Blog Author Email: firstname.lastname@example.org
LinkedIn Profile: www.linkedin.com/in/bob-phelan
On June 7, 2018, CNBC provided a platform for two of the most successful CEO’s, Warren Buffett and Jaime Dimon, to influence other CEOs to end quarterly profit forecasts (Moyer). No one can dispute that these two men are great leaders and great investors. In fact, I am excited that they and Jeff Bezos will be addressing healthcare costs for all Americans by increasing the transparency of pricing and recommending improvements ranging from medical service delivery to prescription drug costs.
However, I am and always have been a risk manager. Being a risk manager is a curse and a blessing. A curse in that you always must consider the upside and the downside before acting. A blessing in that you are never surprised or unprepared for most unexpected events. Risk managers consider both sides of a strategic decision.
Let’s start with the positive side of this recommendation to end quarterly profit forecasts:
- The actual quarterly metrics are going to be reported anyway so investors will see over time the impact of the CEO’s decisions. When quarterly profit forecasts are missing, stock price volatility will correlate with historical profit volatility but with a future uncertainty premium.
- The CEO has more time to adjust to changing commodity prices, competitive threats, operational risk events, and economic conditions.
- It reduces the CEO’s pressure to act in an uneconomic way. For example, The CEO may be forced to delay expenditures (marketing, R&D, or extend projects) or increase revenue (raise interest rate spreads, offer more rewards or lower prices) to meet the profit forecast.
- It creates a level playing field for CEO’s and CFO’s that do not have the sophisticated P&L levers to alter results in the short term.
Let’s shine a light on the negative side of stopping quarterly profit forecasts:
- Isn’t this solution to prevent corporate leaders from bad short-term profit behavior eerily similar to the change initiated by Wells Fargo to stop issuing internal sales goals (Keller). In a previous blog, I stressed the importance of strong risk culture and compliance oversight to reinforce how business should be conducted, which would have stopped the creation of 2 MM false accounts. No company will stop their internal profit forecasts. The Wall Street analysts will know where the company is trending and provide information to help institutional investors, but retail investors will be at a disadvantage. By the way, where is Fidelity, Schwab, Raymond James, Ameriprise, TD Bank, and other advocates for the small investor on this subject?
- Since the Business Roundtable is an association of chief executive officers and this change will enable CEOs to rely on their CFOs to explain why the results occurred. All results will be backward-looking, so the CFO is well-equipped to disclose all financial deviations from prior periods. The CEO will lose their ability to state the reality of the business environment clearly and what she/he is doing going forward.
- What is the role of the Board of Directors? When CEOs wants to make short-term, uneconomic decisions to meet the profit forecast, what should the Board say? How does this reinforce the oversight and fiduciary duties of the Board? The Board compensates CEOs through long-term option grants for driving the right kind of growth in the company over time. The stock price will reflect that growth with or without quarterly profit forecasts.

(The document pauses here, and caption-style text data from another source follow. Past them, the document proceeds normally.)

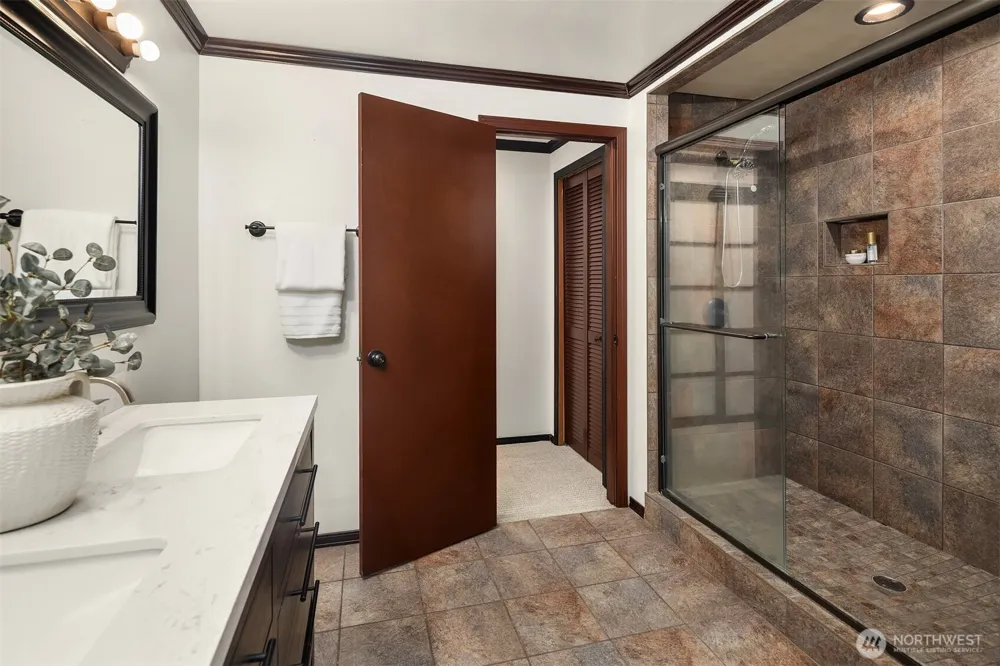 22223 NE 82nd Place Redmond, WA 98053
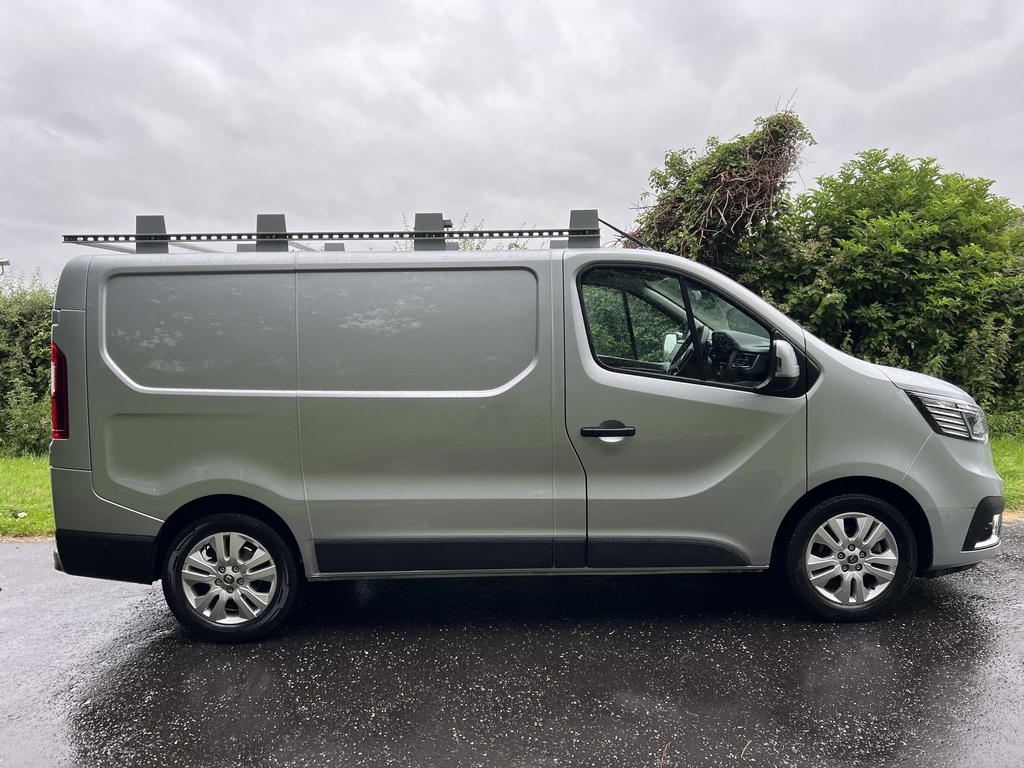 Renault Trafic 2.0 Dci Blue Sl28 Sport 130 L1h1 Grey #2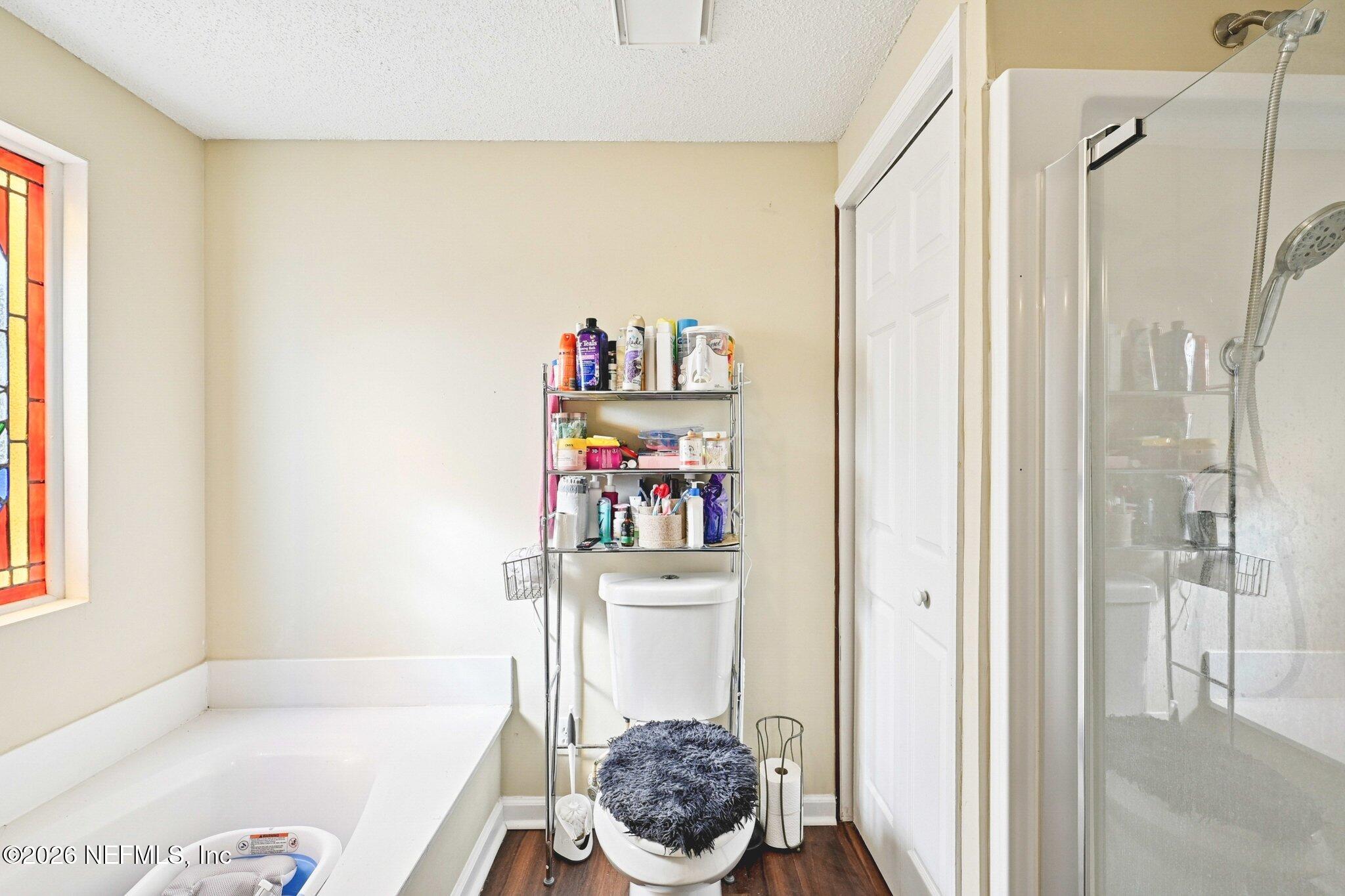 2914 Carleon Road Jacksonville, FL 32218 - Photo 24 of 39 Primary Bathroom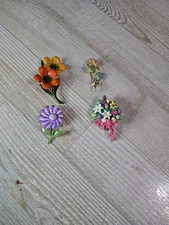 Lot of 4 Vintage Flower Brooches | Enamel, Porcelain & Lucite Floral Pins 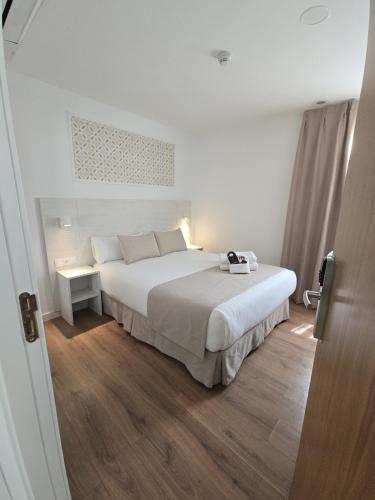 Hostal Sol 4 - image 5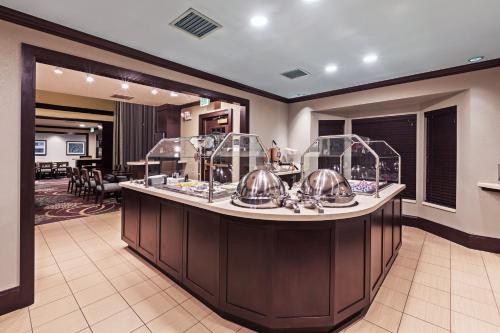 Staybridge Suites Tulsa-Woodland Hills By IHG - 식음료(F&B)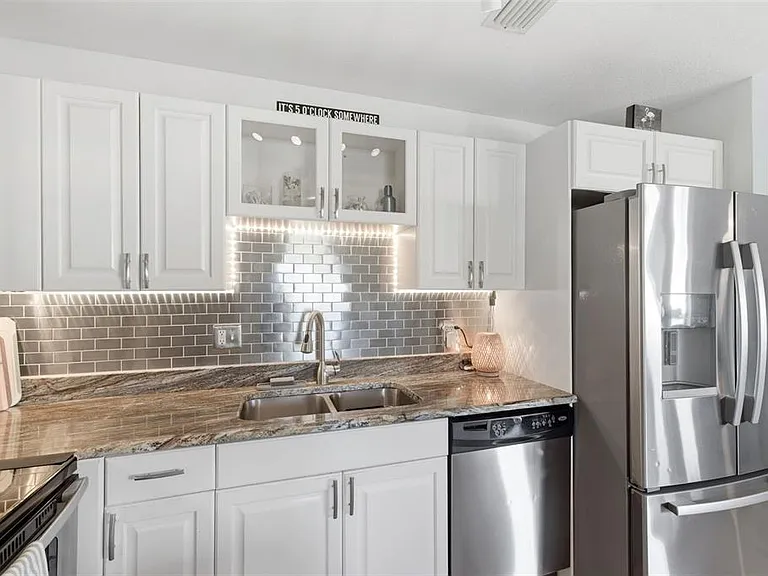 5174 Beach Dr SE #D — Photo 12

- Finally, we will lose the CEO’s quarterly assessment of risk as reflected in the range of the profit estimates provided in a public forum for all investors regardless of their holding period.
In this age, where we are capturing data on every aspect of our lives and businesses, it seems that a CEO’s quarterly profit range provides a view into how the CEO is adapting to the vagaries of revenue, expenses, and economic conditions. I do agree that CEO’s should not be measured solely by the volatility of earnings or how many quarters they met their targets.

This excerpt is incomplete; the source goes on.